I've watched this video: . I have been curious the whole day why the eclipse path seems to be curved and obviously in our latitude. Is it because of both the moon's orbital plane and the tilt of the earth's axis? If it went across the US, that is a lot more than 5 degrees (moon incline) so I was just wondering about the geometry. I've done some research and that video was the best I found.

Absolutely not. I'm more asking about the north to south direction. I'm also asking about latitude. The video itself goes into what I'm asking but I want to know why the location changes. I understand that the moon has its own orbit causing the zigzag shape. How NASA calculate the exact route? I understand what a geodesic is and I'm pretty sure that this is more complex. I'm not asking why it goes west to east either. That's based on the speed on the moon relative to earth. I'm asking why the latitude changes.

@davenn humor is oblique sometimes, but we get posters on PF that have agendas that have little to do with Science. So I understand why he asked the question. No harm no foul.

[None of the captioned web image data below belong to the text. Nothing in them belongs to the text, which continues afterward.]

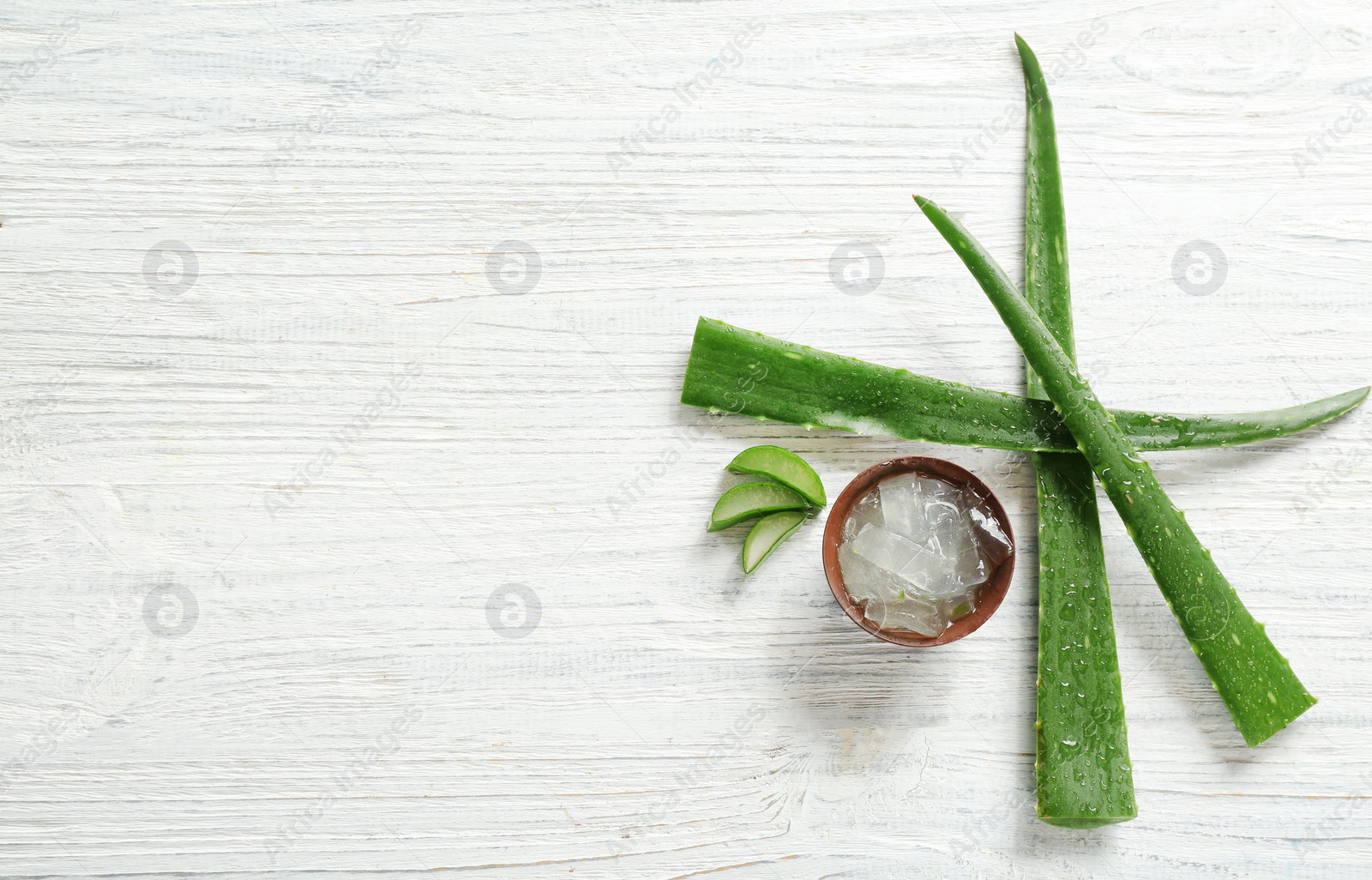 Photo of Flat lay composition with aloe vera leaves on wooden background. Space for text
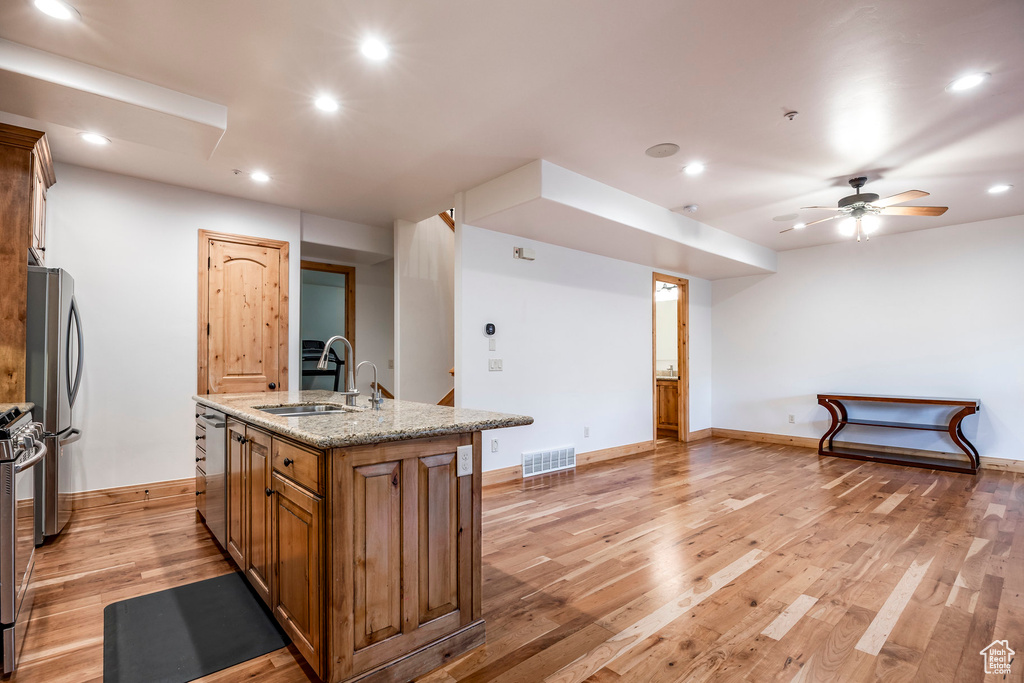 Kitchen featuring a sink, stainless steel appliances, recessed lighting, a kitchen island with sink, and light wood-type flooring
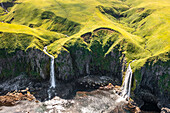 Aerial view of a waterfall along the coast, Makushin, Unalaska island, Alaska, United States.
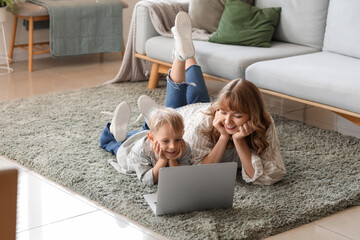 Wall Mural - Happy mother and her little son with laptop lying on floor in living room at home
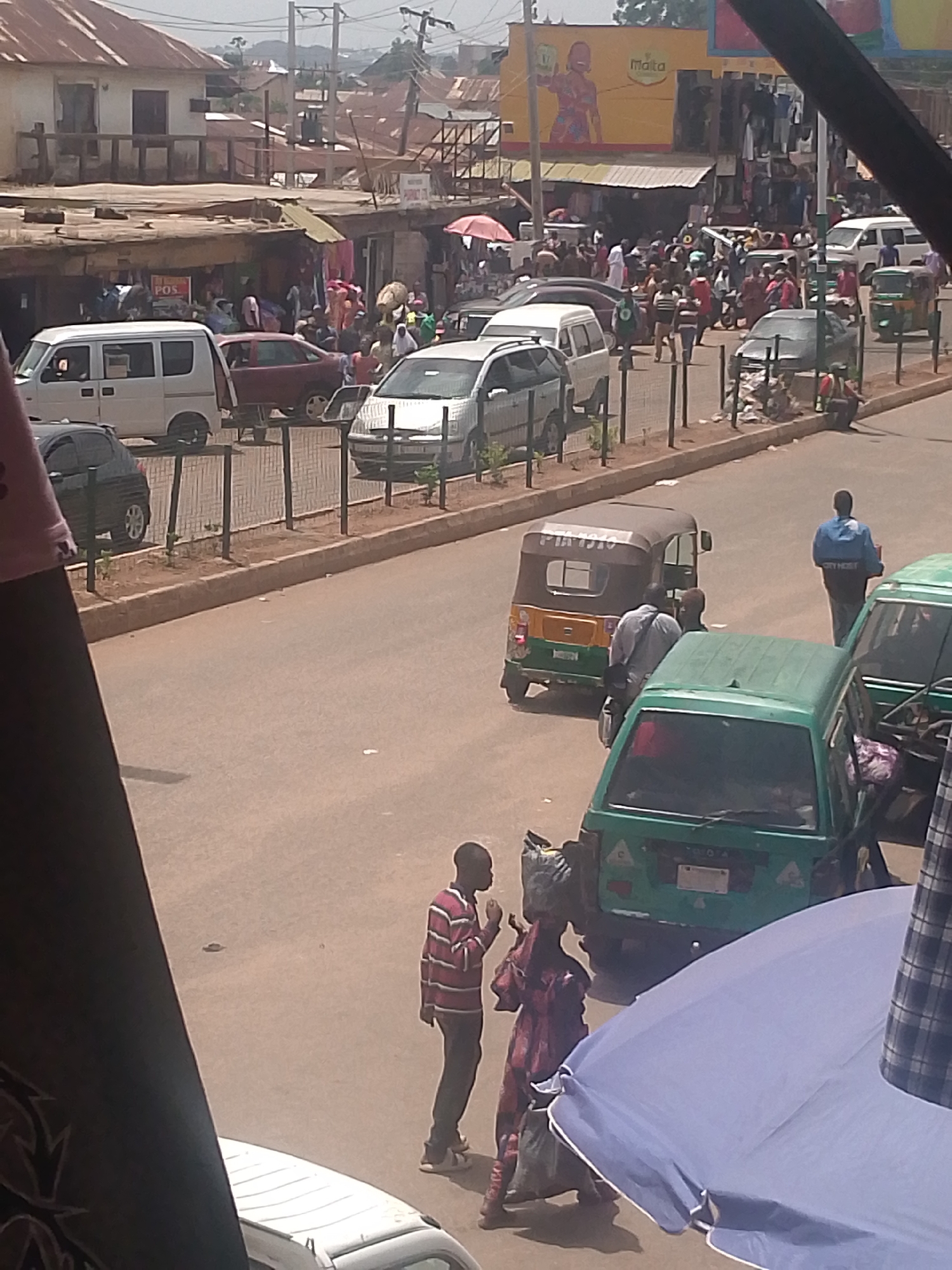 The image shows a busy street scene in Bukuru, Nigeria. The road is paved and appears to be a main thoroughfare with cars, vans, and three-wheeled vehicles known as 'keke napep' or 'tuk-tuks' navigating the street. People are walking along the side of the road and crossing the street. Some individuals are carrying goods on their heads. The buildings lining the street are a mix of single and multi-story structures, many with corrugated metal roofs. There is a large advertisement for "Malta" visible on a building in the background. The overall atmosphere is that of a bustling marketplace or commercial area.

I mean it's all making spherical representations on a piece of flat paper but I'd like to know the calculations. I'm maybe not 100% on geodesics but a helpful discussion would be welcomed! I guess I'm confused on why Oregon to Charleston. Is it because of great circles? It's the shortest distance between two points. If it followed the same latitude, it wouldn't make any sense?

If you neglect the rotation of Earth, the eclipse center follows a circle on a sphere. A great circle is only a special case of this. As seen from the Sun, the Moon crosses the Earth, where the circle has an angle somewhere between 18° and 28° relative to the equator as both the Earth's equator and the orbital plane of the Moon are not aligned with the orbital plane of Earth.
The rotation of Earth makes things more complicated and leads to deviations from the simple circle. Its effect is larger when the shadow of the Moon is closer to the subsolar point, especially if it is at the equator, as the direction of the rotation is orthogonal to the Earth/Moon/Sun axis in this case.